Hoje retomo o tema CRIATIVIDADE, mas acrescentando um R a esta palavra, visto que, ao criar, nosso cérebro está trabalhando, exercendo uma atividade.

A capacidade de criar, inventar, nasce com o ser humano. Embora tenhamos sido criados com a ideia que somente gênios e artistas possuem esta capacidade, isto não é verdade.

Infelizmente nossa educação e nossa formação segue um modelo que nos ensina apenas que tudo tem apenas uma única resposta. Somos ensinados a copiar e a repetir padrões e nada nos é ensinado a realizar exatamente o contrário.

Desde muito cedo “perdemos” nossa identidade, nossa individualidade, para sermos mais um número, uma “máquina” ou um “robô” dos tempos modernos, que não pensa; apenas copia e repete. Acabamos sendo cópias ou clones daqueles que nos educam e acabamos por achar que são OS OUTROS os mais criativos e que conseguem fazer coisas diferentes.

A verdade é que, desde os primórdios da humanidade, sempre existiu no ser humano a curiosidade e a criatividade. Duas coisas, aliás, que muito contribuíram para a sua sobrevivência e que o ajudaram a vencer obstáculos e inimigos, como, por exemplo, a dor, pelo desenvolvimento de terapias medicamentosas, o cansaço, pelo desenvolvimento dos meios de transporte e a solidão, pelos mais variados tipos de entretenimento.

A criatividade é mais visível enquanto somos crianças, onde uma simples vassoura transforma-se no cavalo do herói ou o empilhamento de blocos transforma-se em um castelo encantado.

À medida que a criança cresce, se desenvolve e é escolarizada, ela acaba aprendendo a ser “não criativa”, não pelo avançar da idade, mas devido aos bloqueios mentais que lhe vão sendo impostos pelo ambiente onde vivem, como a escola, a família, a empresa, etc.

O pesquisador George Land mostrou esta tendência. Em seu estudo, acompanhando um grupo de 1600 indivíduos, dos cinco aos quinze anos, verificou que o potencial criativo decresceu de 98%, aos cinco anos, para apenas 12%, aos quinze anos.

Este condicionamento que o ambiente impõe às pessoas é o principal responsável pela nossa “não criatividade”, ou o “assassino oculto” de nossas ideias. Seja, por
exemplo, um pai ao proibir seu filho de fazer tal coisa, ou um líder ou gestor que não deixa o membro de sua equipe expor sua ideia, exclamando de supetão um “isto não vai funcionar” ou um “você é pago para trabalhar e não para pensar”.

Nos dias de hoje a criatividade continua sendo um item importantíssimo para a nossa vida. E, cada vez mais precisamos lançar mão dela para nossa “sobrevivência” em um mundo caracterizado pela sua complexidade, competitividade, velocidade, mutabilidade, complexidade e instabilidade.

No momento atual, talvez você esteja exercendo sua criatividade sem saber ou sem se dar conta.

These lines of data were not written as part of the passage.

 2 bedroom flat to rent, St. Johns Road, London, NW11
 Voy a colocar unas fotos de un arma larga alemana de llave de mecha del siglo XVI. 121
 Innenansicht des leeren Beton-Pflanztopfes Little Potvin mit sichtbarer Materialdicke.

Quantas vezes você escutou frases como “vire-se”, “procure um jeito”, “ache o melhor caminho” e outras, e você acabou resolvendo o problema.

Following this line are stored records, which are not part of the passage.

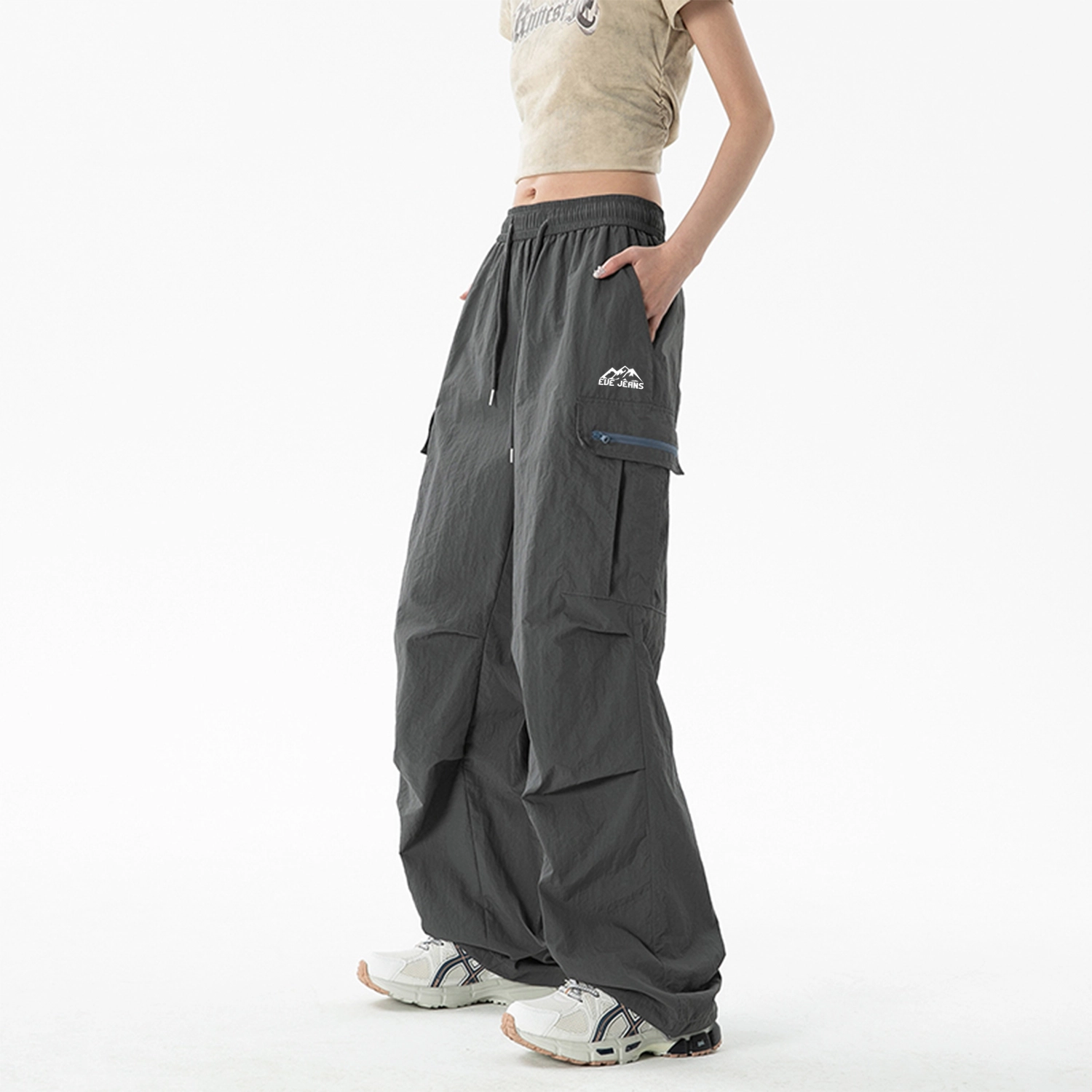 EVE Jeans logo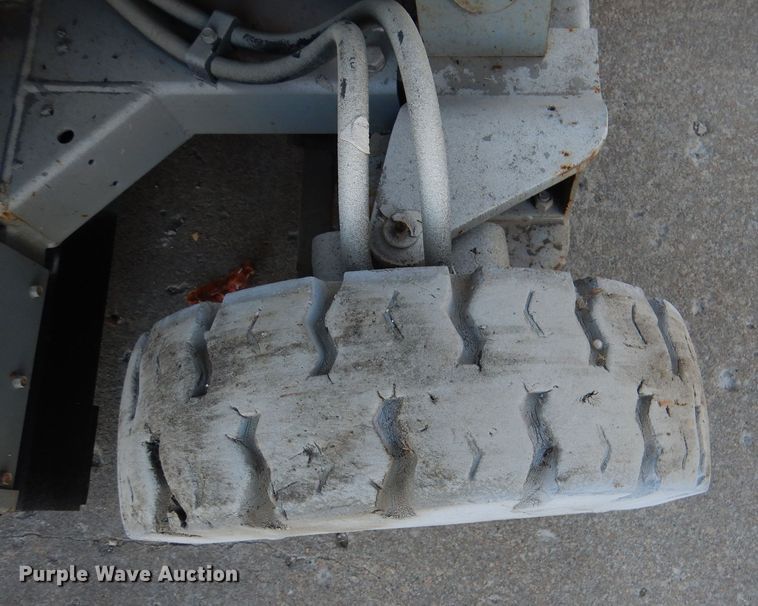 image for item DL2208 1999 Mec 2548HT  scissor lift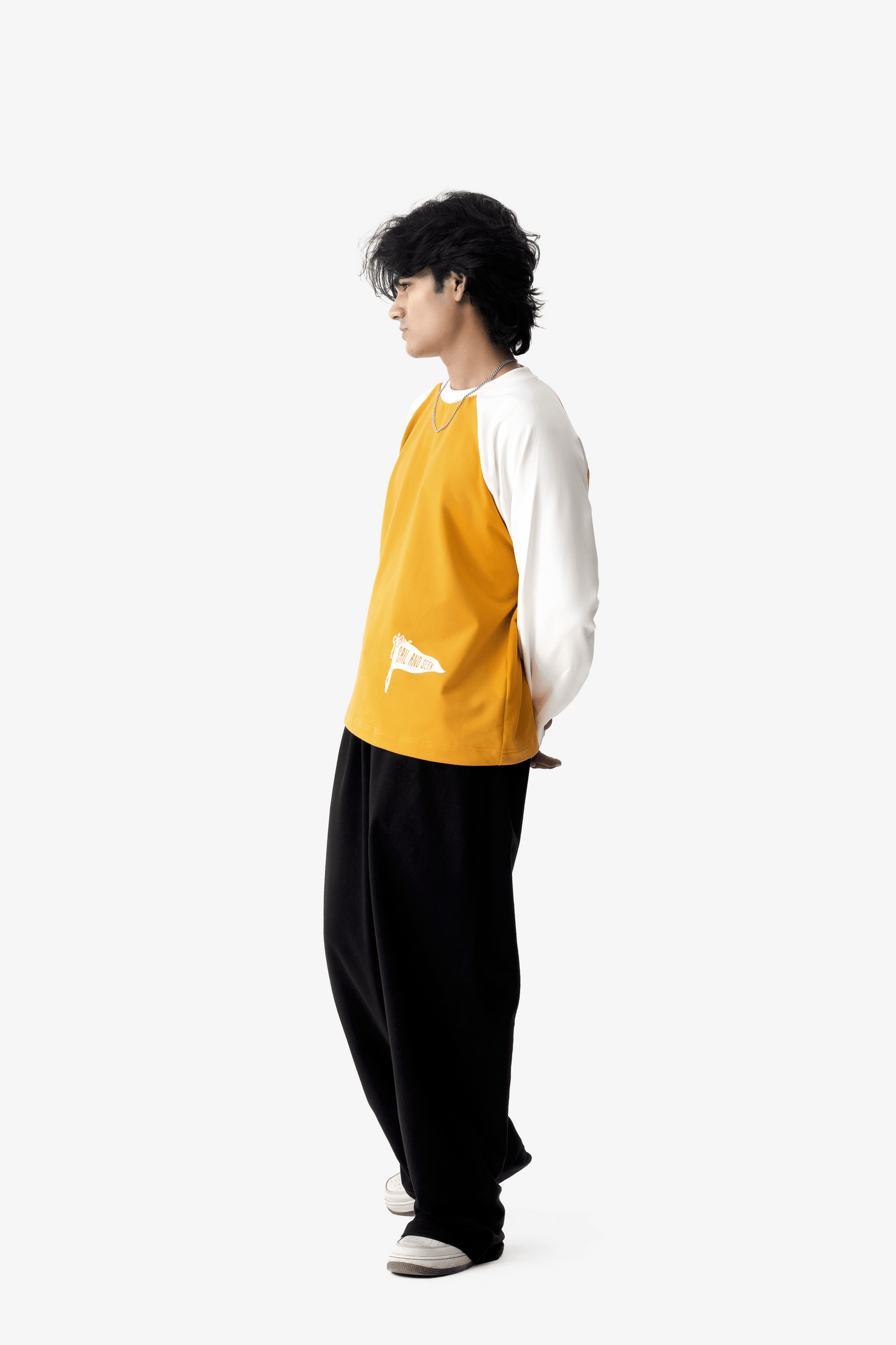Sail & Seek Raglan - Mango/Off White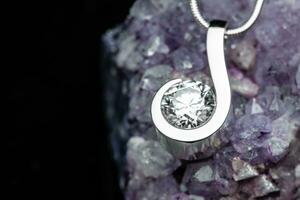 Diamond pendant necklaces photo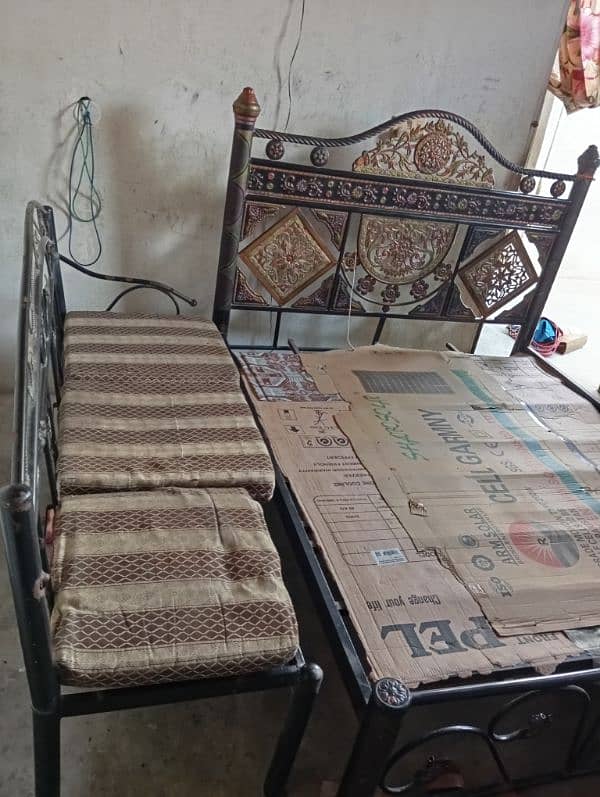 ek iron sofa h aur ek king size bed seal kar na h 5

Outras vezes, ao ter uma nova ideia e compartilhar com alguém, você escutou:

– Você está louco?

– O que deu em você?

– Você está variando?

– Qual é? “Viajando na maionese?”

O mundo de hoje exige de todos nós o exercício constante da criatividade, não importando o campo de atuação. Seja um cientista descobrindo novos remédios, vacinas e terapias; um profissional de tecnologia desenvolvendo aplicativos; um artista que cria obras inéditas; um músico que compõe músicas inesquecíveis; ou mesmo um gari que contribui para a sustentabilidade ambiental.

Para exercermos nosso poder criativo, devemos:

  • sair da zona de conforto e transformá-la em zona de desconforto;
  • eliminar as restrições que nos foram impostas e mudar nosso modelo mental;
  • “abrir a cabeça”;
  • expandir nossa consciência frente aos fatos da vida.

Assim sendo, criatividade é a capacidade de gerar ideias surpreendentes, relevantes e úteis, como afirma Daniel Macedo.

Quanto mais nos esforçamos para isso, mais abrimos espaço na nossa mente para gerar novas ideias, diferentes, inovadoras, que saem do lugar comum. E, para isso não existe hora e lugar.

E onde existe esforço, existe energia. Poderíamos até afirmar que a criatividade é a energia que impulsiona o mundo e as pessoas. Sim, porque é a criatividade que nos leva a obter, constantemente, mais e melhores resultados no desenvolvimento de processos, produtos e sistemas.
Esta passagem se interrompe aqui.